**Work to be completed**
Reproduce the entries below exactly, but only from the line containing "LOUNGEFLY LACE SKULL" to the line containing "Finsteraarhorn Kategorie. Grindelwald", inclusive.

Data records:
________

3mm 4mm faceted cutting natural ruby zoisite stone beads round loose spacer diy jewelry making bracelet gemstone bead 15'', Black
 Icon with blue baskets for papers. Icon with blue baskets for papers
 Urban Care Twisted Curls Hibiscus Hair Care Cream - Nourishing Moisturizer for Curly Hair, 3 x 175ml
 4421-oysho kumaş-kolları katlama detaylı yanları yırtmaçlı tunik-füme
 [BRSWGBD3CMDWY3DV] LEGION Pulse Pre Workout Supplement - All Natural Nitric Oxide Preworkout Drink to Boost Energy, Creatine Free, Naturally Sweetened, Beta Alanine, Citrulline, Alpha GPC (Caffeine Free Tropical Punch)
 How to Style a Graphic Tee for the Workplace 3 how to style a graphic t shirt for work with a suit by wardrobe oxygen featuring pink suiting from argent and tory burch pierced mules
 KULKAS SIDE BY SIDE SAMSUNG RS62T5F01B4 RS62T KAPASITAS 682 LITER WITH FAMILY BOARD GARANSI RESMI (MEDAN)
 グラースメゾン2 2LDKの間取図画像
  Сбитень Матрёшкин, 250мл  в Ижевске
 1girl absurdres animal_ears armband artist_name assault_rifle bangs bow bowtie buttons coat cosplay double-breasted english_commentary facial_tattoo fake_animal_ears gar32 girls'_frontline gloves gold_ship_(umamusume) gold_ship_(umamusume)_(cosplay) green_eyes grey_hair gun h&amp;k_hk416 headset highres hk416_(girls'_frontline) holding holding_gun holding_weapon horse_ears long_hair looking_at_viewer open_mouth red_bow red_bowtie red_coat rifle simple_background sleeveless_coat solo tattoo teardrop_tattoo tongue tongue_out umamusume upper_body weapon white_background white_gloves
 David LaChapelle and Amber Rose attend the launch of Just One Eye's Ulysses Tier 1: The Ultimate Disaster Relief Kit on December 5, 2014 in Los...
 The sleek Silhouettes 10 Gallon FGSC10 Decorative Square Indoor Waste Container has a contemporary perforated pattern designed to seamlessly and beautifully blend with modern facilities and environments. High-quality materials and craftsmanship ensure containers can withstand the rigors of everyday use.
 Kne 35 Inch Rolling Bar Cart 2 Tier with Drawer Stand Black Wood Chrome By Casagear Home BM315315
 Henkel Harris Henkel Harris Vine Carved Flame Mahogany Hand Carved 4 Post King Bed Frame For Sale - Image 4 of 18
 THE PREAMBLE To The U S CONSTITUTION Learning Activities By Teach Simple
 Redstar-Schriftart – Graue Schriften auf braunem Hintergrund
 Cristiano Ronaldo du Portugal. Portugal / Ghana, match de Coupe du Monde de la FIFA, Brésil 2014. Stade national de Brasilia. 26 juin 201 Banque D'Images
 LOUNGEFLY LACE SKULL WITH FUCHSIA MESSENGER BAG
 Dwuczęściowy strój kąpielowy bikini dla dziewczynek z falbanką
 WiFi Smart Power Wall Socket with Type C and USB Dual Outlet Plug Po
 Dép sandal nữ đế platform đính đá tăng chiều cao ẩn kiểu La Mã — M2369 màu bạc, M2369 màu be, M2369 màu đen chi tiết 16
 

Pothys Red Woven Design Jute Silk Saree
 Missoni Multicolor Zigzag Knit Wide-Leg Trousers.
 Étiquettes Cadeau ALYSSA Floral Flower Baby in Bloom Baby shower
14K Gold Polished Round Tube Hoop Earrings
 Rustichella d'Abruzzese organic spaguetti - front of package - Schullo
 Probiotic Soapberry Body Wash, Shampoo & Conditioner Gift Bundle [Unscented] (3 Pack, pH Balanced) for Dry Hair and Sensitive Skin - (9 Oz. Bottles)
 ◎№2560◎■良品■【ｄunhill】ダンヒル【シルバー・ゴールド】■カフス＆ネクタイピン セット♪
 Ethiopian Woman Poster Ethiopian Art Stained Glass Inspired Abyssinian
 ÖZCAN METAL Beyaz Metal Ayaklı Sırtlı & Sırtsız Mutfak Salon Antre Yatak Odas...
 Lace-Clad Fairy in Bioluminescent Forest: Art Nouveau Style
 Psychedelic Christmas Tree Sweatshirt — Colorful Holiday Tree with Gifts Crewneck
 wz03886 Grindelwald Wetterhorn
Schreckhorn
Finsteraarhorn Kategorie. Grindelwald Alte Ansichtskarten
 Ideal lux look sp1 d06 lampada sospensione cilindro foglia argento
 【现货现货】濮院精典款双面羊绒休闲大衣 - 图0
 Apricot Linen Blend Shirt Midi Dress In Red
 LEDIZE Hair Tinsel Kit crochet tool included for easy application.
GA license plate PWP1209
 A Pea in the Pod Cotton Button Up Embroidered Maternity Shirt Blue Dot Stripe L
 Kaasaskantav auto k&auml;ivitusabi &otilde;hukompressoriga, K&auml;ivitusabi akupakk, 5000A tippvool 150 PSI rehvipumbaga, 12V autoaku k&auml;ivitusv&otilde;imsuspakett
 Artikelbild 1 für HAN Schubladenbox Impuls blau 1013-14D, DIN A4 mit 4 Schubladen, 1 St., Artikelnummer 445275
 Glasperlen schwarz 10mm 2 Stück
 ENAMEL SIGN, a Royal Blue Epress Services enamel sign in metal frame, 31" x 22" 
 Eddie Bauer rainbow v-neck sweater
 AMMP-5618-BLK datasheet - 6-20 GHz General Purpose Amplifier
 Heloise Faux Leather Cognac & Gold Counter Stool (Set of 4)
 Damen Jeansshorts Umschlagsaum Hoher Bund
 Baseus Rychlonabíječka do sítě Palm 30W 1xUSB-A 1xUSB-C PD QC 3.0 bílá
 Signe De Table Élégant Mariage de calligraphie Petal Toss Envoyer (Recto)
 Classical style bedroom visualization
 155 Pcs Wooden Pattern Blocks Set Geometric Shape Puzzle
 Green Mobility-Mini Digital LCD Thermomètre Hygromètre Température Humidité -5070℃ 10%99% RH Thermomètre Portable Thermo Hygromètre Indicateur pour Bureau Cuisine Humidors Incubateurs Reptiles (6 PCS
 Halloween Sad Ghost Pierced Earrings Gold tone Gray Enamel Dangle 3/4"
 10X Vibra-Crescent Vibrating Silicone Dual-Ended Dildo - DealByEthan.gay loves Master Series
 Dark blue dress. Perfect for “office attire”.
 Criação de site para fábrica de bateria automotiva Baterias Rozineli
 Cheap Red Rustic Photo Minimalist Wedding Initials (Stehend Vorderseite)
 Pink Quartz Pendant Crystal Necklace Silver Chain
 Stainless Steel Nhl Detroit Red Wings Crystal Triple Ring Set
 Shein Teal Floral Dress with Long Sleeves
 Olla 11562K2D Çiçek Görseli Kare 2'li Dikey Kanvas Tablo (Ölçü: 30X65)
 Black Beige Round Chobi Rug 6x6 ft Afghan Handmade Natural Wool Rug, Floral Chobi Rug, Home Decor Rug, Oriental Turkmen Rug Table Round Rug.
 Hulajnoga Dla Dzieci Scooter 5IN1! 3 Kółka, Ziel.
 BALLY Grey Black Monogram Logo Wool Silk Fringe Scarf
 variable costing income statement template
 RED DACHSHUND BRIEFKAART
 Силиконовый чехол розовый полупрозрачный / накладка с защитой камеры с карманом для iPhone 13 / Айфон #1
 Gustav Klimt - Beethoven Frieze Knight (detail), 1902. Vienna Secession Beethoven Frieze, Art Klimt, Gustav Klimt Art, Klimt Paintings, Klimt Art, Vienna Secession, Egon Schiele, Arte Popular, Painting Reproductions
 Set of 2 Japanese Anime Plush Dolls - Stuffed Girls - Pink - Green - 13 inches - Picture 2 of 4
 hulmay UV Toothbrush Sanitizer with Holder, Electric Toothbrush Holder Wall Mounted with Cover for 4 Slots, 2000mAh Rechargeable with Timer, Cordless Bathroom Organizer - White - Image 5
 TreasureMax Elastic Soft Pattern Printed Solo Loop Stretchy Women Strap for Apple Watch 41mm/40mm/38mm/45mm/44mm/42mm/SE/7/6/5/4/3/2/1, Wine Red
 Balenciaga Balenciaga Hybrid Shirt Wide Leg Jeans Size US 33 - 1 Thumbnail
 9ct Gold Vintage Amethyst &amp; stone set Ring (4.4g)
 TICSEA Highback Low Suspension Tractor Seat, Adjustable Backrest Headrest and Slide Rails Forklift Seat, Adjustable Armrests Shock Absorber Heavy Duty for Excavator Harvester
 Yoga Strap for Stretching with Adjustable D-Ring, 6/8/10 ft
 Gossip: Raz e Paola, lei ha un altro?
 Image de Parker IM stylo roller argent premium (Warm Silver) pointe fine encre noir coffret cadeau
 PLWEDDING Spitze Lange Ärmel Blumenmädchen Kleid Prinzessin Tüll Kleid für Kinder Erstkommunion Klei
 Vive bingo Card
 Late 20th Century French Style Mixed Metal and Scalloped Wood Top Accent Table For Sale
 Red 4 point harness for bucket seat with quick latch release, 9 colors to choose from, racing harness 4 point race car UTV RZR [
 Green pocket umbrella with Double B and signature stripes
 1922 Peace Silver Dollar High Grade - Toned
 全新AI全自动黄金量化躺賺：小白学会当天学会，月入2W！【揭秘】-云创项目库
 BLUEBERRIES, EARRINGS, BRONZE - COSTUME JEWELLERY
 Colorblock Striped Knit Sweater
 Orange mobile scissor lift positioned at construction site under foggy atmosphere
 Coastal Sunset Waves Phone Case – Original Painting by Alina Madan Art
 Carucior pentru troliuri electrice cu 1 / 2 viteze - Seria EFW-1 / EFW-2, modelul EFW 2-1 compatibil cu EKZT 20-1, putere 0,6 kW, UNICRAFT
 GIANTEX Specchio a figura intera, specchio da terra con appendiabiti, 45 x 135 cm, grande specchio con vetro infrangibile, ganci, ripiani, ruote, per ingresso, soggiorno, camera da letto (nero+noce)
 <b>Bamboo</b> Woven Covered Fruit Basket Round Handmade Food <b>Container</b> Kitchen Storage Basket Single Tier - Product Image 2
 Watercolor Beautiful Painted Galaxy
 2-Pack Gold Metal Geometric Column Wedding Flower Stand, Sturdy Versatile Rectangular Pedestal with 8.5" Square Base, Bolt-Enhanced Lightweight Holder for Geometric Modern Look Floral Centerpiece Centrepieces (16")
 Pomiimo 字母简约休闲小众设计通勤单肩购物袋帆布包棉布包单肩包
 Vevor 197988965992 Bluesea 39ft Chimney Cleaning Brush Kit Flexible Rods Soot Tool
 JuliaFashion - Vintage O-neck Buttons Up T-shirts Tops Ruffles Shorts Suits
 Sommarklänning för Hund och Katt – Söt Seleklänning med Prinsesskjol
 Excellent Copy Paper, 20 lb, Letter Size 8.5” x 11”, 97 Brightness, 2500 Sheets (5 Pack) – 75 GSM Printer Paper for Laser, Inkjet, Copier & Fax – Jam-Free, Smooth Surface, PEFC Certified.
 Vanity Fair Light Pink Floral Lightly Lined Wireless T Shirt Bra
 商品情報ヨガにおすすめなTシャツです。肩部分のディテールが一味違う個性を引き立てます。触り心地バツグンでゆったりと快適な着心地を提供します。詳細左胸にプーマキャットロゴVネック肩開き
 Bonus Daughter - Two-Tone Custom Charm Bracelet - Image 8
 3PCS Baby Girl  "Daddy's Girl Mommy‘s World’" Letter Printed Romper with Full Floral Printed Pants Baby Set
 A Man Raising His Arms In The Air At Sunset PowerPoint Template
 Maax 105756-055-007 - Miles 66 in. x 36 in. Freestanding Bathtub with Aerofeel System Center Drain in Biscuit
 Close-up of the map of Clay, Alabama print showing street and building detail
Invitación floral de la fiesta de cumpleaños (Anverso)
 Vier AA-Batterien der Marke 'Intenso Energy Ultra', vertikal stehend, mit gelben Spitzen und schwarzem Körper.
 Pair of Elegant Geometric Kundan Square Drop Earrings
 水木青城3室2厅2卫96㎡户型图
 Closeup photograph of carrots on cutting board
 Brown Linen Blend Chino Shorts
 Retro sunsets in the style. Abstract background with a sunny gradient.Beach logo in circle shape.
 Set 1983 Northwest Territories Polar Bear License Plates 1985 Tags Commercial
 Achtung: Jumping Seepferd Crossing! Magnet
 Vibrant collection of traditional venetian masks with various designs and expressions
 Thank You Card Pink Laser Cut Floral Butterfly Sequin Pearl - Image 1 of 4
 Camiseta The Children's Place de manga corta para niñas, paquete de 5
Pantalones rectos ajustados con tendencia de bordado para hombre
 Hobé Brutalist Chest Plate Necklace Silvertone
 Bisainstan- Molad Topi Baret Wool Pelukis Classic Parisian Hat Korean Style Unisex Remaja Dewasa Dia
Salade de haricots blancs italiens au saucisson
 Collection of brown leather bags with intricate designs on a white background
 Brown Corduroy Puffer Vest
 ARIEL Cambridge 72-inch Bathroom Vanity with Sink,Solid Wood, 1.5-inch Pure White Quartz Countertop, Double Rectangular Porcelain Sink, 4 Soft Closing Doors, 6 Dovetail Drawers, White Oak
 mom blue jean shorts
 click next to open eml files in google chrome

________

**Exercise solution**
 LOUNGEFLY LACE SKULL WITH FUCHSIA MESSENGER BAG
 Dwuczęściowy strój kąpielowy bikini dla dziewczynek z falbanką
 WiFi Smart Power Wall Socket with Type C and USB Dual Outlet Plug Po
 Dép sandal nữ đế platform đính đá tăng chiều cao ẩn kiểu La Mã — M2369 màu bạc, M2369 màu be, M2369 màu đen chi tiết 16
 

Pothys Red Woven Design Jute Silk Saree
 Missoni Multicolor Zigzag Knit Wide-Leg Trousers.
 Étiquettes Cadeau ALYSSA Floral Flower Baby in Bloom Baby shower
14K Gold Polished Round Tube Hoop Earrings
 Rustichella d'Abruzzese organic spaguetti - front of package - Schullo
 Probiotic Soapberry Body Wash, Shampoo & Conditioner Gift Bundle [Unscented] (3 Pack, pH Balanced) for Dry Hair and Sensitive Skin - (9 Oz. Bottles)
 ◎№2560◎■良品■【ｄunhill】ダンヒル【シルバー・ゴールド】■カフス＆ネクタイピン セット♪
 Ethiopian Woman Poster Ethiopian Art Stained Glass Inspired Abyssinian
 ÖZCAN METAL Beyaz Metal Ayaklı Sırtlı & Sırtsız Mutfak Salon Antre Yatak Odas...
 Lace-Clad Fairy in Bioluminescent Forest: Art Nouveau Style
 Psychedelic Christmas Tree Sweatshirt — Colorful Holiday Tree with Gifts Crewneck
 wz03886 Grindelwald Wetterhorn
Schreckhorn
Finsteraarhorn Kategorie. Grindelwald Alte Ansichtskarten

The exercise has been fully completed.